On Mon., April 6, 2015, the Milwaukee Brewers were opening the season at Miller Park, against the Colorado Rockies. Meanwhile, in Corpus Christi, Tex., the Houston Astros’ double-A affiliate, the Hooks, were gearing up to play in the coming days, with a roster that boasted promising talent, especially with regards to prospects like power-hitting outfielder George Springer and leather-flashing short stop Carlos Correa. However, in the Hooks’ bullpen was a 21-year-old Josh Hader, a 19th-round pick out of Maryland.

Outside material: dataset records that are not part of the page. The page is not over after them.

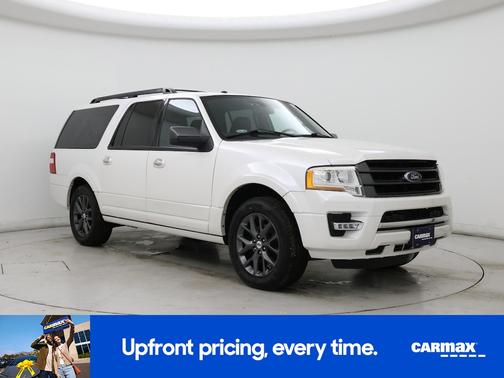 2017 Ford Expedition EL Limited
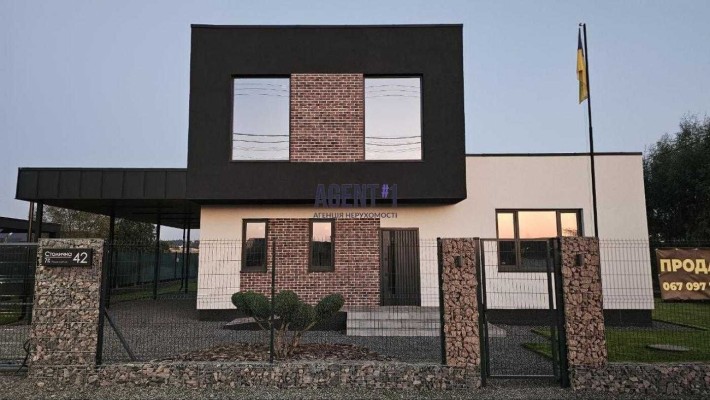 Продається ексклюзивний будинок в Шевченкове. - фото 1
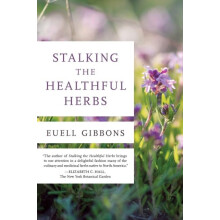 Stalking the Healthful Herbs by Euell Gibbons Paperback Book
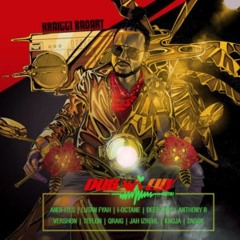 Dub Wi Luv Riddim Promo Mix (BADART MUZIC) - Mixed by Zion's Gate Sound - DJ Element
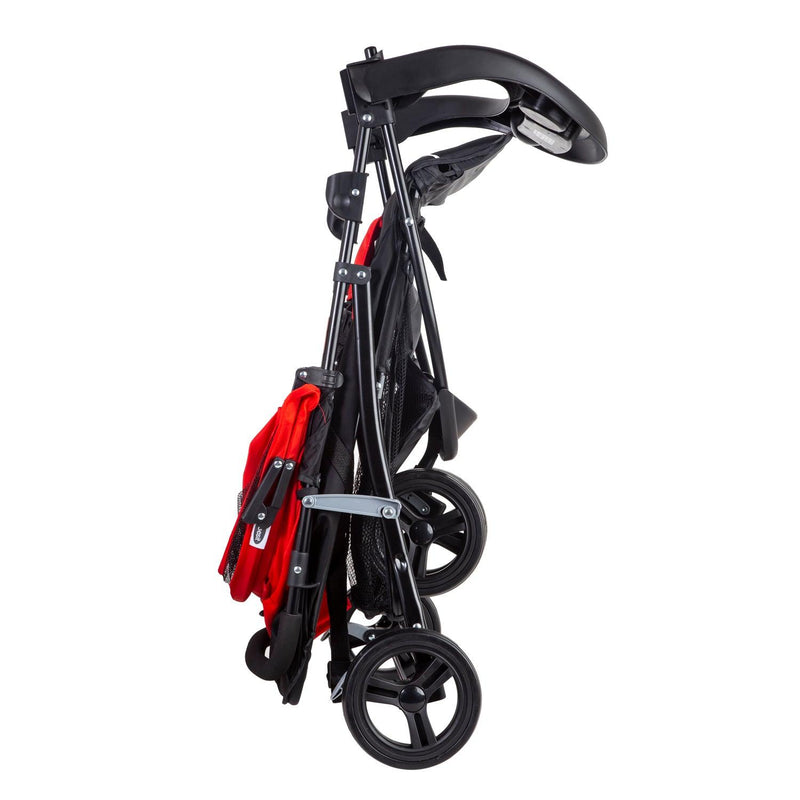 Coche Paseo Polo Rojo, Bebesit - KIDSCLUB Tienda ONLINE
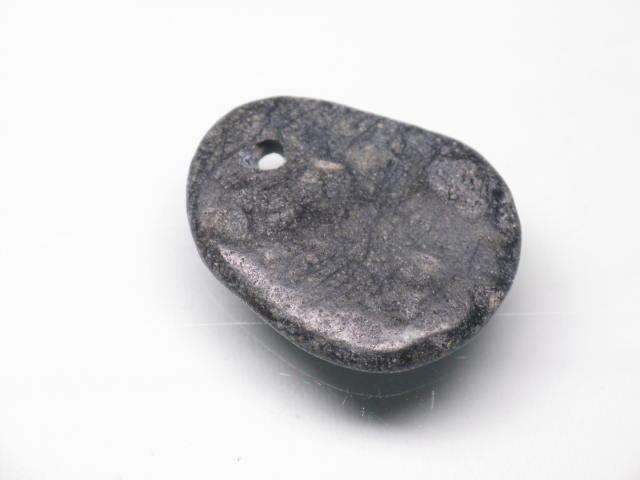 TOKO-BEADS AZ138-11 Stone Charm 27mm AZ138-11 路傍の石チャーム 27mm Asian bead & African bead  Handmade,Lampeork,bead,asia,india,ethnic,parts,accessory,beads とんぼ玉,ビーズ,トンボ玉,アジア,インド,エスニック,手作り,パーツ,アクセサリー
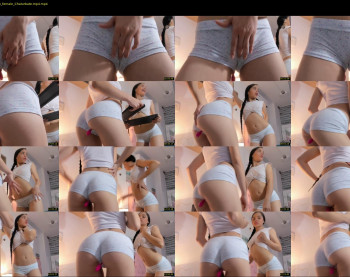 yorgely_ — 24 minute Chaturbate female cam show recording, 1080p, Mar 13, 2020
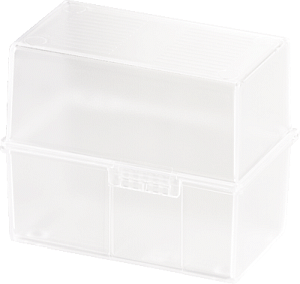 HAN Karteibox 976-63 A6 quer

The former California League Pitcher of the year found his way to Houston’s farm system via a trade deal that sent starting pitcher Bud Norris to the Baltimore Orioles, only two years prior.

During the thirtieth day of July, in 2015, after the Brewers had fallen 21.5 games out of first place in the National League Central, animated center fielder Carlos Gomez, who was one year removed from an All-Star appearance, and rotational anchor Mike Fiers were dealt to Houston for Hader, right-handed pitcher Adrian Houser, along with two outfielders, Domingo Santana and Brett Phillips. Gomez had been nearly dealt to the New York Mets less than 24 hours beforehand, but the deal imploded at the last second.

Now, nearly three years later, not only has Hader cemented himself as the best player to materialize from that trade, but his play has alerted MLB pundits, ones who hadn’t had abounding reasons to watch Milwaukee baseball.


So, what has made the relief tosser, who ranks amongst the top five in K/9, FIP, WAR, and innings pitched, arguably baseball’s best bullpen man to emerge from this young season? Control, pitch discipline, and experience have all paired well with the mechanics of Hader, who, like another lefty, in Boston Red Sox pitcher Chris Sale, relies on his downward momentum in order to slide his left arm toward the plate, has worked batters outside more so this year — and it’s paid off.

For instance, inside the batter’s box, opponents have been flummoxed, as their swinging percentage at pitches outside the zone has increased (from 30.5 to 32.1), while their contact percentage has dipped (from 65.3 to 58.8). With two strikes, he throws his slider low and away to lefties, while, he peppers his fastball, for both sides of the plate, around the strike zone, but mostly on the inside corner. What’s more is that he has diminished the usage of his changeup, relying on it only one percent of the time, while ramping up his slider percentage, from 11 percent last year to 29 percent this year.


Through May 5, Hader has struck out 61.4 percent of the batters he has faced. Additionally, the bespectacled flamethrower averages over 19 strikeouts per nine innings.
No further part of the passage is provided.